Shmuratko opted to return to train in Ukraine, explaining that "it‘s my home." He designed both of his programs to reflect the realities of the ongoing war, and said "it's one of my missions coming out of Ukraine to tell the stories through my art and my voice. It's my way to fight for my country." Shmuratko's short program presented a story of a child killed by a missile and the child's father being forced to live with it, and his free skate presented a continuation of that story.

In his competitive debut for the season, he finished eighth at the 2023 Nepela Memorial. He was invited to appear on the Grand Prix at the 2023 Grand Prix of Espoo, coming eighth.
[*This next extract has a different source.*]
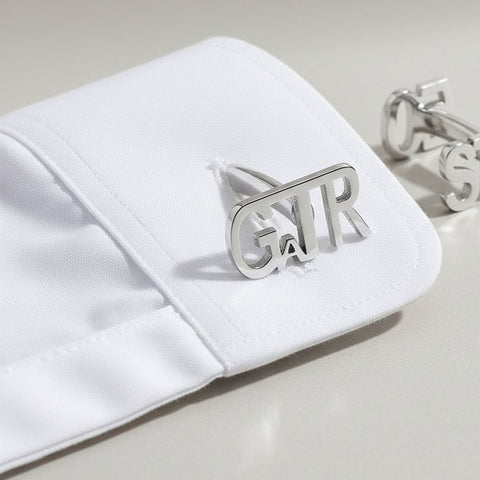 Butoni Alfabet cu 2 diamante din aur galben de 14K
At the 2024 European Championships in Kaunas, Lithuania, Shmuratko placed nineteenth in the short program, but twelfth in the free skate, moving up to fourteenth-place overall. During his free skate, Shmuratko notably wore a white shirt with a red splotch spattered across his chest to signify blood stains. Following the event, he said, "This is the astral between life and death. No more, and no less. It is incomparably more than words can convey. The element with blood? Because that's how it is, literally. People die from missiles like this, with blood."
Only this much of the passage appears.